Summary. The manuscript claims to advance WordArt-oriented scene text recognition (WATER) by constructing a 2M-image synthetic dataset WATER-S via an upgraded SynthWordArt pipeline and Qwen3-VL/Z-Image AI synthesis, reorganizing existing real data into WATER-R, and introducing the WATERec architecture with an arbitrary-shaped visual encoder plus autoregressive decoder. Experiments are reported to yield 90.40% accuracy on WordArt-Bench, outperforming both general-purpose and OCR-specialized vision-language models, with public code and data release.

Significance.
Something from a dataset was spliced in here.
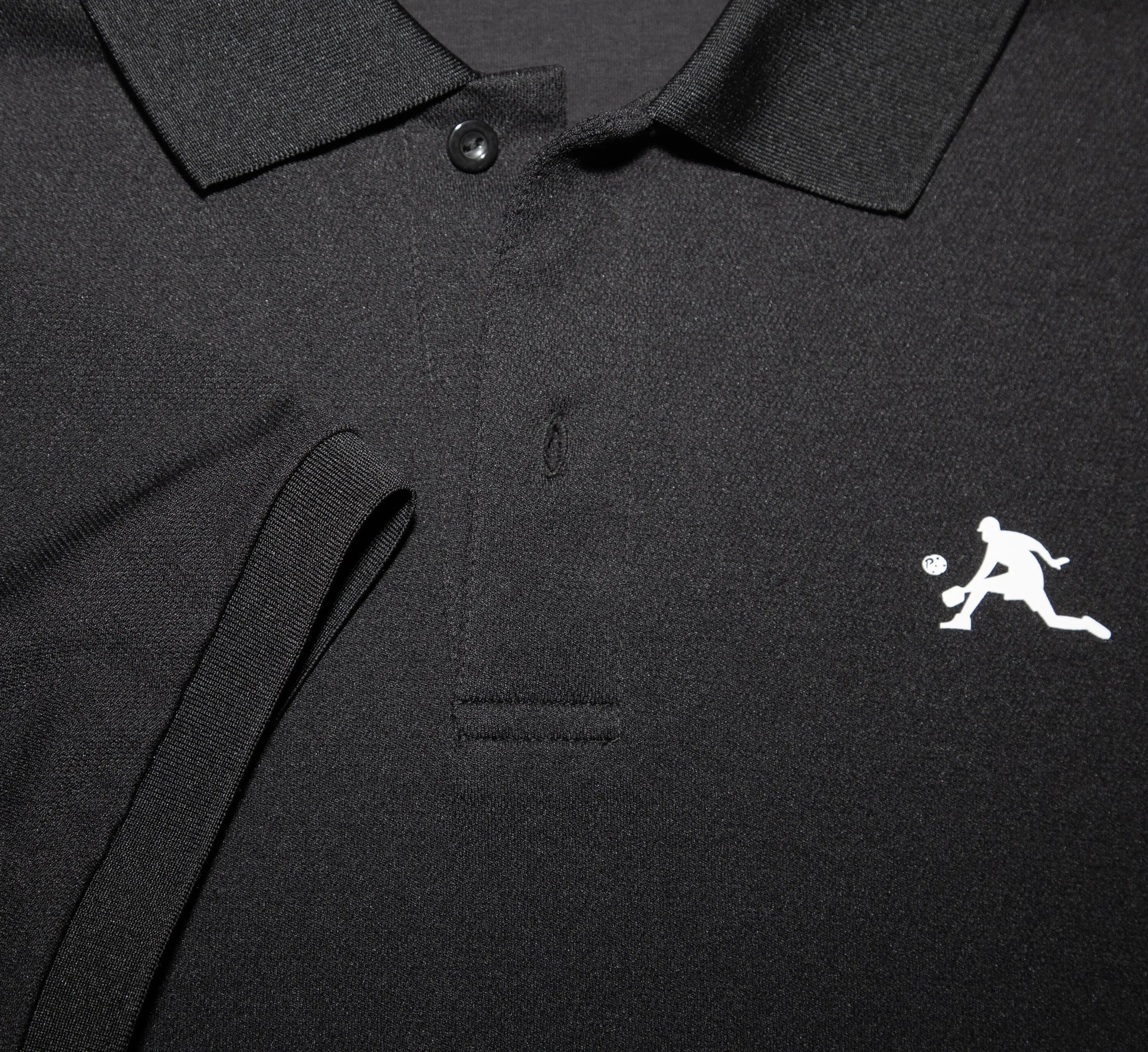 Black polo shirt with a white PBALL logo on the chest Noir
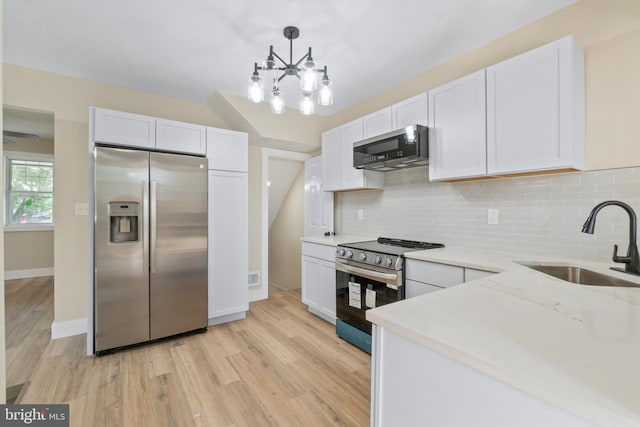2701 Christopher Ave, Baltimore, MD 21214 - kitchen featuring stainless steel appliances, white cabinets, tasteful backsplash, light wood finished floors, and light stone counters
If the empirical results hold, the work provides a substantial contribution to scene text recognition by scaling artistic-text data by hundreds of times and structurally departing from fixed-template STR architectures. The public release of code and data is an explicit strength supporting reproducibility and future benchmarking.

major comments (2)
  1. [Abstract] Abstract: The central performance claim of 90.40% accuracy and SOTA status is asserted without any specification of the evaluation metric (word accuracy, character accuracy, etc.), the exact baselines compared, data splits used, or controls for the synthetic-to-real domain gap. This information is load-bearing for assessing whether the reported margin over prior methods is robust.
  2. [Experiments] Experiments section: No error bars, multiple runs, or statistical significance tests are referenced for the 90.40% result or the architectural improvements, undermining confidence in the claim that WATERec plus the new data reliably surpasses existing STR and VLM approaches.
minor comments (2)
  1. [Abstract] The abstract introduces 'WordArt-Bench' without a one-sentence definition or pointer to its construction, which would aid readers unfamiliar with the benchmark.
  2. Notation for the two subsets of WATER-S (SynthWordArt-rendered vs. AI-synthesized) could be introduced more explicitly when first mentioned to improve readability.

Simulated Author's Rebuttal

2 responses · 0 unresolved

We thank the referee for the constructive feedback on clarity and experimental robustness. We address each major comment below, indicating planned revisions where appropriate.

read point-by-point responses
  1. Referee: [Abstract] Abstract: The central performance claim of 90.40% accuracy and SOTA status is asserted without any specification of the evaluation metric (word accuracy, character accuracy, etc.), the exact baselines compared, data splits used, or controls for the synthetic-to-real domain gap. This information is load-bearing for assessing whether the reported margin over prior methods is robust.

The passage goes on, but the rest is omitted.